Loggregate - Log file analysis

󰃭 2024-12-01

Never have I ever thought that I'd write two articles back to back about logging given how much I hate the topic. Logging is one of the boring things to do in software development. I'd rather just write code and try to get the app working than yapping about what the app was doing into some log files. But, it is absolutely necessary to write logs in a software for all the reasons mentioned in the Logging 101 post. Especially if the application is important we definitely want to have logging in that application, you are free to define what an important application should be.

Inspiration

There is a product in Microsoft Azure called Azure Monitor. This product is very well known for collecting logs from the applications and analysing them. It also provides insights on application performance, creates charts, sends notifications with alerts, and more.

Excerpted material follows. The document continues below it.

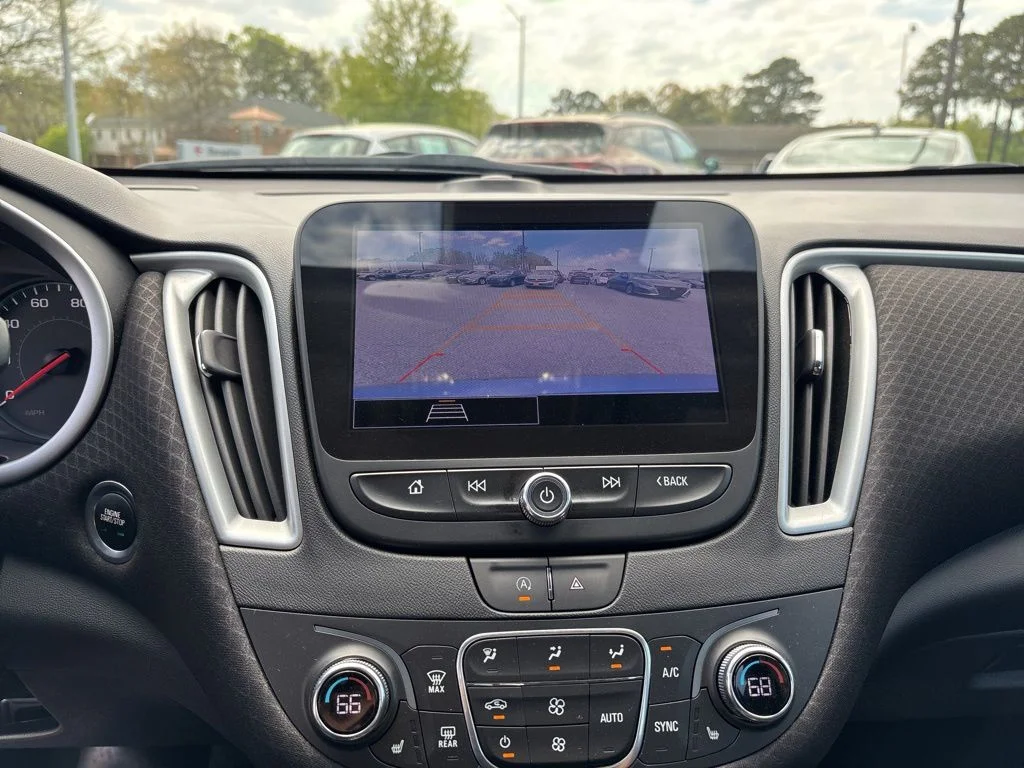 Used 2024 Gray Chevrolet LT image 18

It's very cool but not every application runs in that particular environment and we cannot write logs from all applications to Azure monitor. Also there are all kinds of software that we use that just log to files like Nginx, PostgreSQL and etc.,

So I thought it would be cool if we have an application that analyzes, aggregates and make reports based on the log files that are not on cloud. Then I started working on Loggregate project.

Loggregate

Loggregate is a name I came up with by combining Logs + Aggregate. Loggregate is open-source, licensed under GPLv3 licensed, with it's source code available on GitHub. Loggregate is a command line tool, and it takes glob pattern as input and generates a report on the log files given as a html file which you can open and view in a browser.

Example usage:

  loggregate --datetime-format "%Y-%m-%d %H:%M:%S" --user "John Doe" "/var/log/*.log"

That's it and you will get a pretty nice looking (in my opinion) report in html part of which looks like the image at the top of this page.

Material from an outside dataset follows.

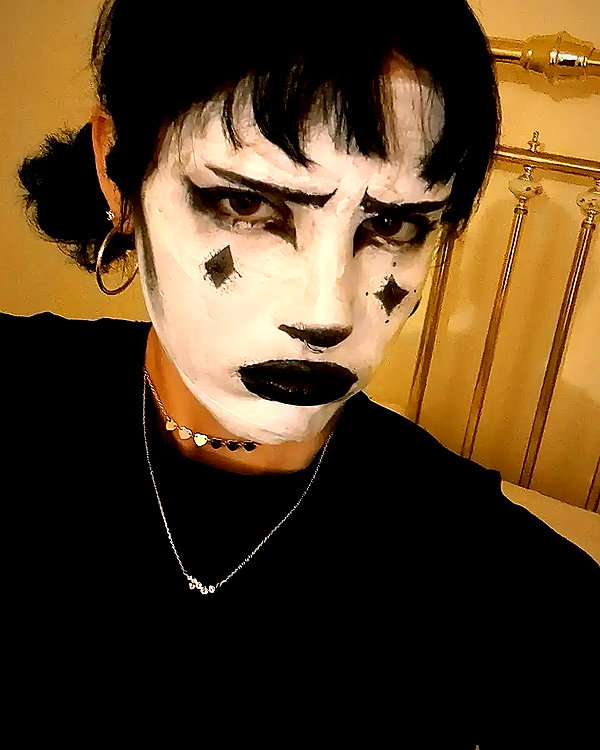 zz.eazoning instagram image archive image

The program needs two required inputs and one optional input.

Required Inputs
- Datetime format
- Glob Pattern
Optional Inputs
- User's name

The datetime format is a very important input since the core logic of Loggregate depends on datetime, we will discuss the details below in the Algorithm section. Glob pattern of course is needed to specify the log files that we want Loggregate to analyse. The User's name is optional, if given it will be mentioned in the report produced by Loggregate.

Design Choices

Language

I chose rust to write this program. My initial choices were C++ and rust since I want a language with low level control since there are quite a few file read and writes and I wanted language which can make syscalls efficiently. C is out of question since I wanted to be sane after writing the program. I decided on rust since I was learning rust at that point of time and I wanted to use it.

Plotting Library

I used Plotters library to make the charts and graphs for this application. Because the API looked quite similar to Matplotlib, which I've used previously with Python. But, this library is a bit more verbose compared to Matplotlib.

Why HTML?

In the end, this application provides a visual representation of log analytics. My professional career majorly consists of web development. So HTML is the easiest way for me to represent something visually.

Algorithm

First of all, this program assumes that every line in the log file has datetime and log level somewhere in it.

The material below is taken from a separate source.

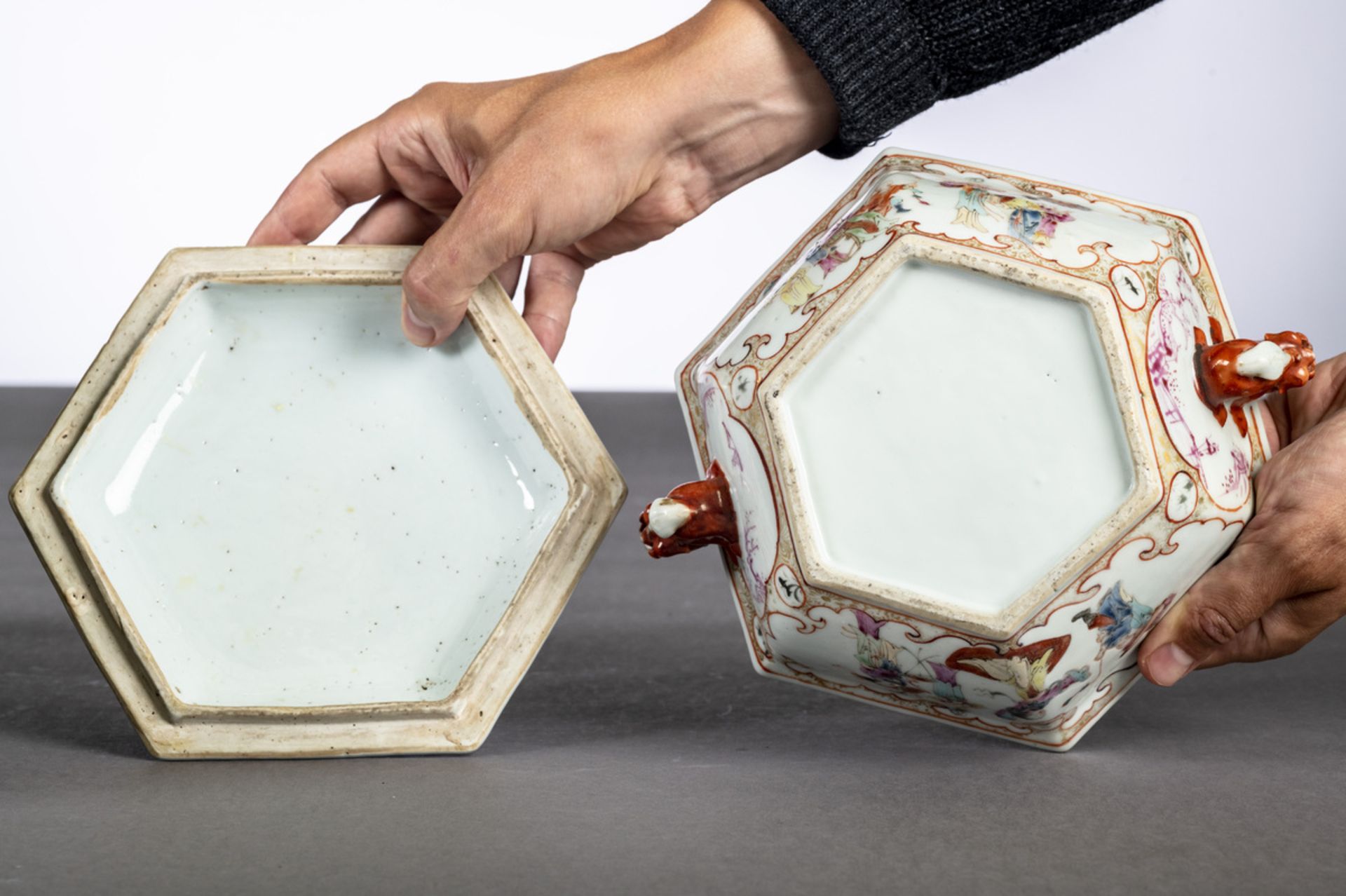 A hexagonal tureen in Chinese Mandarin porcelain, 18th century (h13x20x22cm) (*) - Image 4 of 5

The log files are read one by one which satisfies the given glob pattern. Each line is read and stored inside a vector of strings.
Then the program extracts datetime and log level using regular expressions. This is where the datetime format input comes into play. The program builds a regex patten based on the datetime format given visit Loggregate github repo to get details on how to make the datetime format. Log levels are also matched using regular expressions. Entries that do not match predefined log levels are categorized as other.
Then we find the minimum and maximum datetimes found across all the log files.
Then the program decides the scale at which it should aggregate the logs, we use the min and max datetimes we found earlier to calculate the total duration through which the logs are generated. If there are logs for more than one minute, program aggregates the logs in terms of minutes, If there are logs for more than one hour, program aggregates the logs in terms of hours and so on. The maxinum scale is in years.
Then the logs are aggregated in terms of scale decided on earlier. For example, if the scale of aggregation is in terms of days, all the different log levels found within day 1 are counted and stored, then day 2 and so on till all the logs done.
Then we make the plots for each log level and a plot for showing counts of all log levels together. All of these logs are stored in /tmp/loggregate/plots, we store everything in /tmp because we don't want to pollute other directories while the program is still actively running, we only copy these files to destination after the program runs successfully.
Now the report is made by reading the html template from the assets directory and it's content is modified to make the report with the data. And file is stored in /tmp/loggregate
With the the program is almost complete and the only part remaining is to copy the report and plot images to the current directory from where the loggregate is run.

Thank you for reading this post, give Loggregate a try.